Norman Lamb attends tea party in honour of care providers committed to paying a living wage

    The event comes as Lamb’s predecessor, Paul Burstow, announces a new commission to investigate workforce development in home care

    Citizens UK's tea party

    Care and support minister Norman Lamb will attend a tea party organised by Citizens UK in London’s Parliament Square this morning to celebrate those care providers who have committed to paying their staff a living wage.

    Care providers and commissioners will also be encouraged at the event to sign up to Citizens UK’s charter of good practice, which calls for better and an end to 15-minute visits in the care sector.

    Fourteen care providers, including Abbeyfield, Bluebird Care Tameside, Mint Quality Care, Cumbria and Penrose Care, London, have now committed to paying their staff the living wage, which is currently £8.80 per hour in London and £7.65 per hour across the rest of the UK.

    Jane D’Angelo, Citizens UK member and a care recipient, said: “Care workers do a hard job with grace and dignity, yet they are paid a shockingly low rate of pay, have zero hour contracts and aren’t paid for the travel time between appointments.

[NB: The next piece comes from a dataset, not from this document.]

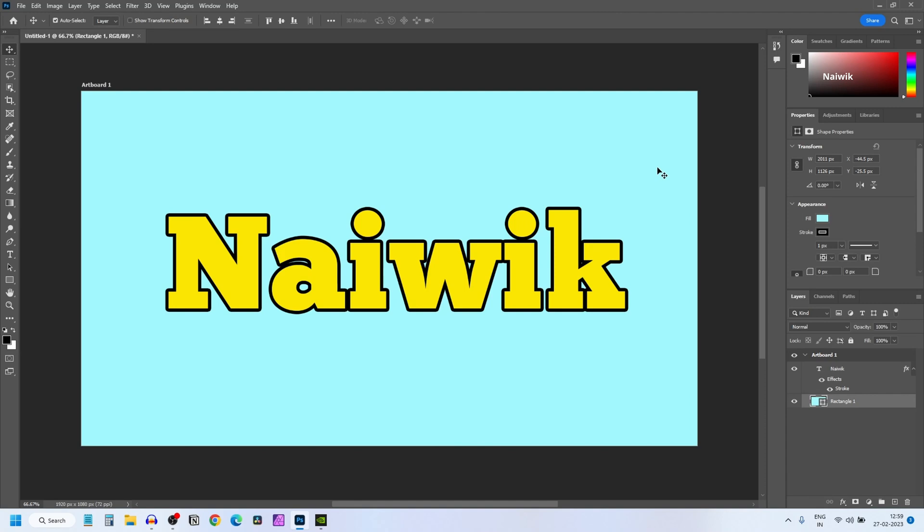In this video I am going to show you how to update Photoshop and enable auto-updates. First let's check the version of Photoshop.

    “I believe that, to improve social care, we need to create a system that recognises and values the worker to achieve a better deal for the recipient. The Citizens UK charter of good practice is building a movement of care providers and commissioners who also believe that is what’s required.”

    Meanwhile, former care services minister Paul Burstow has announced the creation of a new commission to investigate workforce development in the home care sector, which he will chair.

    The commission has opened a call for evidence from local authorities, government departments, professional bodies and unions, care providers, service users and any individual with a stake in improving home care services.

    The commission, which is supported by the Local Government Information Unit and Mears Group, will hold a series of hearings over the summer and produce recommendations for ensuring a high quality home care workforce this autumn.